▶ [EXERCISE DETAILS]:
Repeat, exactly as written, the lines of the records below from the first through the line with "Volkswagen Tiguan Allspace - 8", but none past it.
***
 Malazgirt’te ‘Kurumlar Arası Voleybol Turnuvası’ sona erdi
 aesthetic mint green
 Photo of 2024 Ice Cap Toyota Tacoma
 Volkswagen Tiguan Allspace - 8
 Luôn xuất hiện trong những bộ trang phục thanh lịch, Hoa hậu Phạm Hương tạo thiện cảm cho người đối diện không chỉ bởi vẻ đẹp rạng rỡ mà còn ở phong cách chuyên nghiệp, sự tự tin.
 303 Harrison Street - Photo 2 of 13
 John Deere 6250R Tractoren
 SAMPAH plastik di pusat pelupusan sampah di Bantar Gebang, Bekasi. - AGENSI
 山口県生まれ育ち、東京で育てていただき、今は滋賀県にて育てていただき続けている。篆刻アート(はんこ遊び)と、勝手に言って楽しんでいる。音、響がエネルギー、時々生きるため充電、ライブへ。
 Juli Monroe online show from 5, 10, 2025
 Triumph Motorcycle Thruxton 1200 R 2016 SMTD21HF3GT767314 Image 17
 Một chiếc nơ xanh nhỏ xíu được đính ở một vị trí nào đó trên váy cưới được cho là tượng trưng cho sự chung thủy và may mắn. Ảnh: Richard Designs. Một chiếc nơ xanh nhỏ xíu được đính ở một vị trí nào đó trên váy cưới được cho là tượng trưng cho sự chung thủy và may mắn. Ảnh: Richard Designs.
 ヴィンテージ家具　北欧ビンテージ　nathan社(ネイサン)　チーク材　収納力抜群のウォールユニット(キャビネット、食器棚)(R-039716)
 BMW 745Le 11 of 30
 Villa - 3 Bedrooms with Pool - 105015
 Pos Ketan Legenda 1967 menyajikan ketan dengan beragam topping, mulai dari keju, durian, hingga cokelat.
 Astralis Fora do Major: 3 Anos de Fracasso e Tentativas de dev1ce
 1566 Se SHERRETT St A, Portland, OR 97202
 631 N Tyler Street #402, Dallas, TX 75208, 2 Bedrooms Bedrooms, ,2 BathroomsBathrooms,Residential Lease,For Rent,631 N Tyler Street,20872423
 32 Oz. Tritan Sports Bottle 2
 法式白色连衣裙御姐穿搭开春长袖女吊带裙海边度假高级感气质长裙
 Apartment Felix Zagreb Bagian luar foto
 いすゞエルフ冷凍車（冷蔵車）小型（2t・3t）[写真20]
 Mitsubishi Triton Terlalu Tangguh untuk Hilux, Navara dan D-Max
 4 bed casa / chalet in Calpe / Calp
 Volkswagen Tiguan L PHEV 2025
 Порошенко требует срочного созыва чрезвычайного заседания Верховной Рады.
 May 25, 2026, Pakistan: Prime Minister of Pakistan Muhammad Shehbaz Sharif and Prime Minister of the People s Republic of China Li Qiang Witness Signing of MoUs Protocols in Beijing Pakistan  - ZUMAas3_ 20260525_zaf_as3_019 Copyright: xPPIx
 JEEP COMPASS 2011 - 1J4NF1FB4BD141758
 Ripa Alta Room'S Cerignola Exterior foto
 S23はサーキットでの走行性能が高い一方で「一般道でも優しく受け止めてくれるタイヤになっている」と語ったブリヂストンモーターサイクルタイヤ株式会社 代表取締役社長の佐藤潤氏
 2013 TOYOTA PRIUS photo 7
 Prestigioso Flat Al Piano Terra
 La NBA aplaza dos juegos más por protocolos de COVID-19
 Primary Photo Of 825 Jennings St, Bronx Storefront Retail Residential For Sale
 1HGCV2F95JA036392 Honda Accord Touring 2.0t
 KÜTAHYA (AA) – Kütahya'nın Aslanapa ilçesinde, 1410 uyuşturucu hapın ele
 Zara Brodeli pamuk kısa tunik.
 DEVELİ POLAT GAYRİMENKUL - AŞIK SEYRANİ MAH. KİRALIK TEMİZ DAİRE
***
▶ [SOLUTION]:
 Malazgirt’te ‘Kurumlar Arası Voleybol Turnuvası’ sona erdi
 aesthetic mint green
 Photo of 2024 Ice Cap Toyota Tacoma
 Volkswagen Tiguan Allspace - 8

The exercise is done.